No fui amigo de Carlos Monsiváis. Nos saludábamos si nos encontrábamos y platicamos algunas veces. Leí muy joven su “Antología de la poesía mexicana moderna” (1966), aproveché sus lecciones y enderecé mi gusto. Luego leí su Autobiografía precoz, que me pareció de lo más simpática. Yo era un muchacho, y encontré formidable esa escritura viva, irreverente y desparpajada.

Un día, supongo que por 1966 o 67, se apareció en Monterrey para dar una conferencia. Era en un auditorio de la Universidad de Nuevo León, en el centro de la ciudad, y cuando llegué ya estaba repleto, cocinándose al vapor. Monsiváis leía con monotonía y gravedad un refrito de su prólogo a la Antología. De pronto leyó un poema de Juan de Dios Peza, del que se burló sin misericordia, y se lo atribuyó sin pestañear a Jaime Torres Bodet. Mi sobresalto se amedrentó ante la solemne seriedad del auditorio. Comencé a divertirme en silencio con cada nueva, absurda atribución, pero cuando leyó algo de Pellicer y dijo que era de la insigne poeta Consuelo Guerrero de Luna solté la carcajada. Monsiváis volteó a verme con un gesto burlonamente admonitorio.

Las pocas veces que charlamos fue en capitales extranjeras, donde coincidíamos con excusa académica. La charla solía irse en decir que un día tendríamos que vernos para platicar de poesía. Una vez, luego de una encerrona de cinco ponencias infinitas en la Sorbona, me invitó a escaparnos al Museo d’Orsay, que se acababa de inaugurar. Caminamos platicando a gusto sobre narradores norteamericanos. Cuando entramos al museo se detuvo ante el fantástico espectáculo del patio central, lleno de estatuas, y dijo entre azorado y rencoroso: “¡Qué bien les sale todo a estos cabrones!” Luego, mientras yo tomaba un café y él una coca cola, hicimos un concurso de decir poemas de memoria. Dije uno de Pellicer y, obviamente, cuando se lo adjudiqué a Consuelo Guerrero de Luna me preguntó que por qué había dicho eso. La venganza es dulce.

Creo que la última vez que lo vi fue en el zócalo, en el 2000. Una docena de esculturas de Juan Soriano había sido instalada en la esquina suroeste de la plaza para deleite e ilustración del pueblo. En esos tiempos yo estaba al frente de una fundación cultural y tenía que asistir a ese tipo de actos. Luego de ver a la gente y de saludar a las esculturas empezó a llover. El público se fue en bola detrás del que era jefe de gobierno rumbo a un palacio aledaño a comerse un petit four. Preferí quedarme en los portales esperando que escampara. Cuando dejó de llover, crucé hacia la plancha del zócalo, agradecido con el espectáculo de la plaza empapada.

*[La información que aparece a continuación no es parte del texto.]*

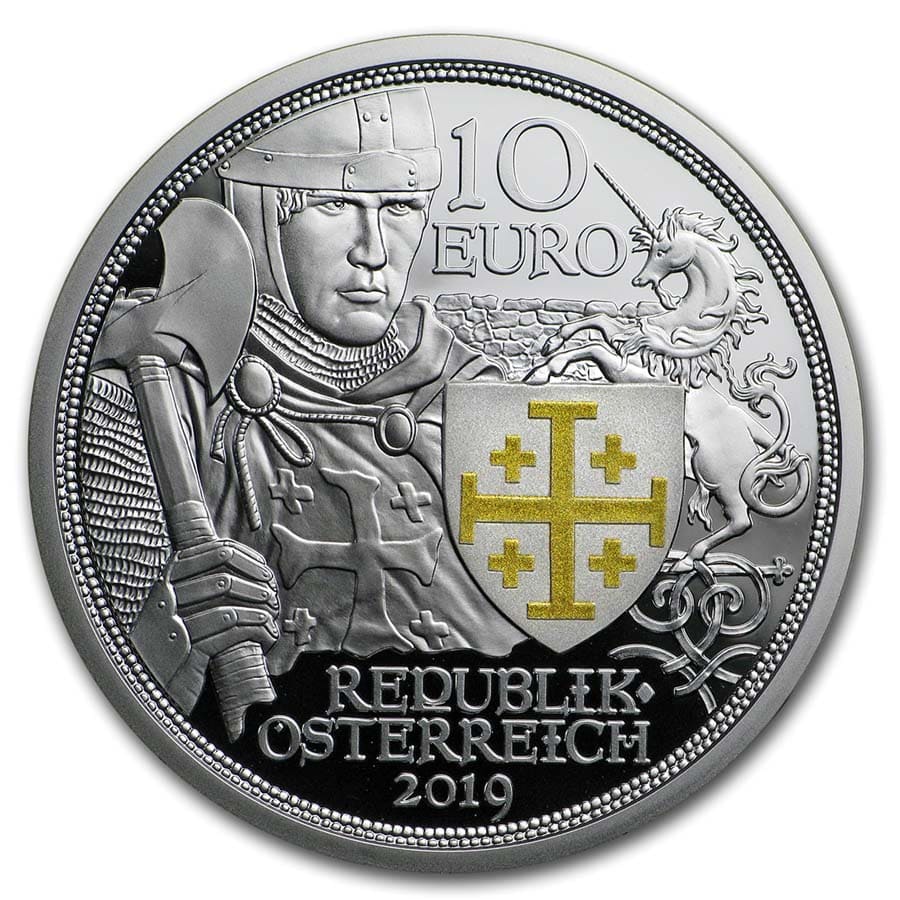 2019 Austria Proof Silver €10 Knights' Tales (Adventure)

De pronto se apareció Monsiváis. Me preguntó que dónde estaba la gente y le señalé el palacio al que se habían metido. Me dijo que tendríamos que vernos para… “para platicar de poesía, claro”, completé la frase. “Quizás lo mejor sea que ya recojas tus ensayos sobre poesía en un libro”, le dije. “Vamos a ver las esculturas”, contestó. Llegamos a la esquina. “¡Qué bien les queda todo a estos cabrones!”, dije. De pronto, una señora se acercó: “¿Cómo le va señor Monsiváis?” Y luego una pareja hizo lo mismo. Y luego unos jóvenes lo rodearon gritando “¡El Monsi, el Monsi, buena onda!”… A pesar de su aire abrumado, mientras saludaba y daba autógrafos en cualquier papel a la mano, era obvio que lo disfrutaba. Luego, una señora llegó corriendo arrastrando a un niño de cinco o seis años: “¡Señor Monsiváis, señor Monsiváis!”. Se le plantó enfrente y le hizo una petición rarísima, sobre todo dirigida, como lo era, a un escritor: “¿Le podría porfavorcito poner las manos al niño?” Con absoluta seriedad, Monsiváis levantó las manos y las puso en la cabeza del niño, solemnemente, por unos segundos. Qué cosa más rara, dije para mis adentros. Sí, me contestaron.

En ese justo momento se apagaron las luces de la Catedral.